House Financial Services Committee Investigates Crypto Debanking

The Financial Services Committee has "no patience" on the debanking of legal businesses. AI-enabled AML/CFT programs are presented as the solution to "protect consumers."

House Financial Services Committee Investigates Crypto Debanking
Congressman Sherman presents tweets made by Donald Trump in 2019
  • The House Financial Services Committee is investigating the debanking of legal crypto businesses and will continue to do so into the next Congress
  • Witnesses note the importance of the alleged consumer protections offered by legislation such as the Bank Secrecy Act, highlighting the alleged benefits of AI-enabled compliance and blockchain-based identity
  • AI- and digital identity-enabled anti-money laundering and counter-terrorist financing programs are presented as the solution to protect consumers

In a hearing entitled Innovation Revolution: How Technology is Shaping the Future of Finance, the House Financial Services Committee discussed recent allegations of the coordinated debanking of the crypto industry.

Nathan McCauley of Anchorage Digital testified that Anchorage's banking relationships were severed in 2023, while Danelle Dixon of the Stellar Foundation testified that Stellar had been debanked based on "verbal guidance" issued by the FDIC.

Congressman Hill is concerned that "this is a sign that people perhaps are dodging the FOIA obligations they have in the federal regulatory system," noting that "no one has any patience on that here on either side of the isle – legal businesses in the United States, in this great country, shall have the freedom to bank and have financial services, and this committee is going to take a strong position on that."

Hill stated that the committee will continue to review documents on the debanking of crypto businesses into the next Congress.

Alan Butler of the Electronic Privacy Information Center testified to the need of stronger data protections in the financial services industry.

Butler testified that "new risks have emerged" as consumer fraud, scams, and identity theft are on the rise, forming "one of the largest looming threats for Americans."

Butler testified that "data that's never collected can't be breached," advocating to minimize data collection. According to Butler, "security must become a top priority in finance, as it has become the most breached industry."

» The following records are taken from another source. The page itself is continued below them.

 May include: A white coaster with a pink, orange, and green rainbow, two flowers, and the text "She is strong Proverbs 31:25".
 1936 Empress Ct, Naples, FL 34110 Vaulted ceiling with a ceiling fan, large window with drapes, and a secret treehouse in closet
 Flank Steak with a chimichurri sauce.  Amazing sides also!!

However, Butler also testified to the need for the alleged protections financial regulations, such as the Bank Secrecy Act, provide for consumers, stating that:

"In the 1970s, during an earlier era of rapid change in the industry, Congress passed a suite of laws to protect consumers against new risks and established a comprehensive oversight framework."

According to Butler, "those laws continue to address the risks of increasing complexity, velocity, and automation in the field to this day, and without them, consumers would be worse off, and so would the businesses that grew under these regulations."

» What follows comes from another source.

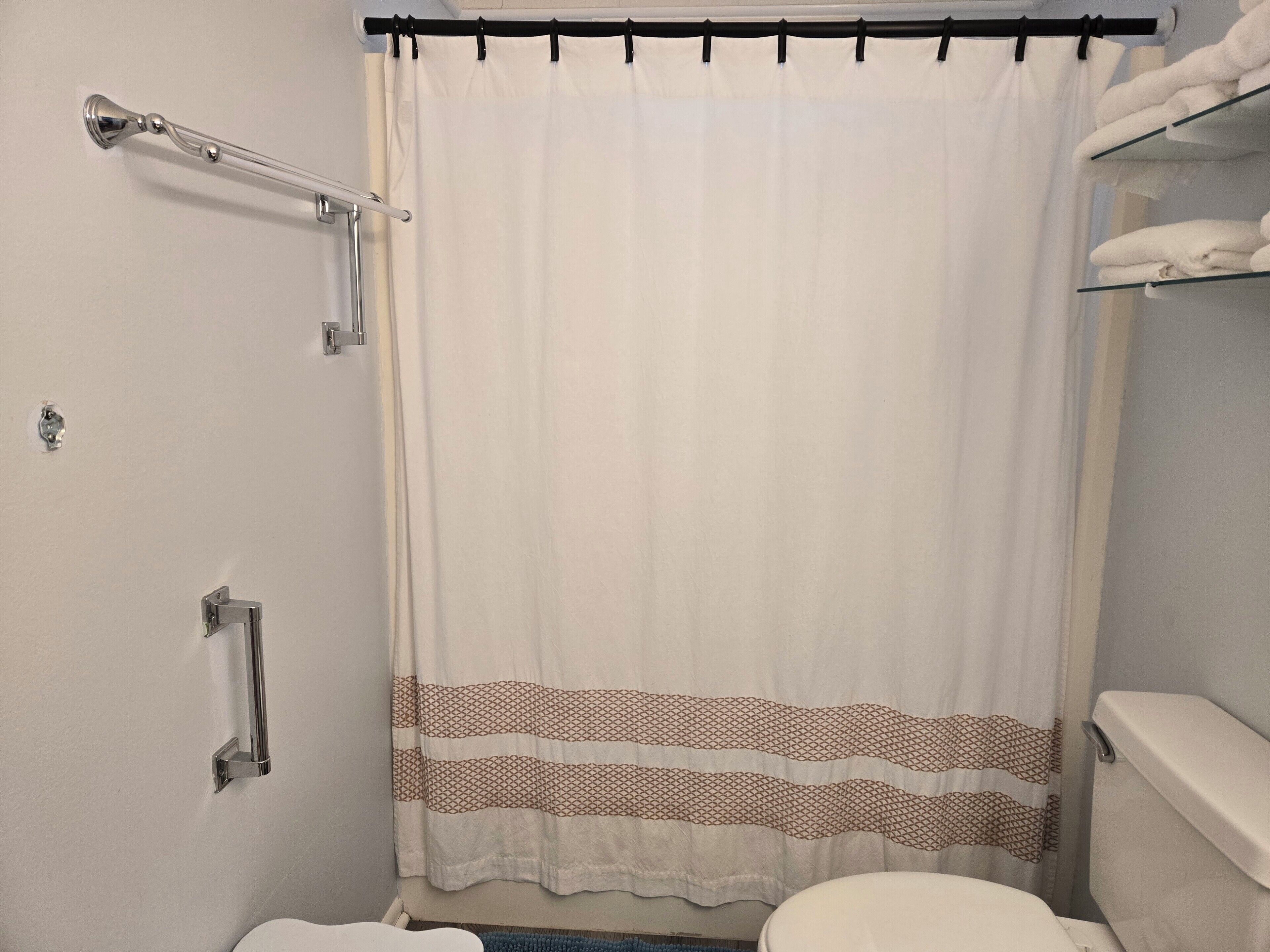 A bathroom with a white shower curtain, a white toilet, and a towel rack with towels.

Congressman Sherman presented cardboard printouts of Tweets made by Donald Trump in 2019, which stated that "we have only one real currency in the USA, " and that "unregulated crypto assets can facilitate unlawful behavior, including drug trade and other illegal activity."

Congressman Williams noted that AI in financial services enhances fraud protection and improves credit scoring through advanced data analysis, noting that Congress must continue to observe developments in the AI industry to understand how it can be used to benefit the financial services industry.

"Decentralized finance with AI driven risk assessment is a really interesting, and I think opportunistic tool that can be leveraged," Dixon testified, naming AI as an important tool to "predict risk in decentralized finance platforms."

Dixon noted that "AI-enabled smart contracts" may help with "automated compliance and fraud prevention", stating that "blockchain-based identity verification with AI" is "huge", because "we get so worried about KYC, we get so worried about making sure that the financial infrastructure is intact, this can actually help us to make sure that the person that's coming before us is the person that's coming before us."

The witnesses statements stand in stark contrast to current discussions on possible constitutional violations of the dragnet financial surveillance enabled by AML/CFT laws, as well as the proven inefficiencies of Bank Secrecy Act protections.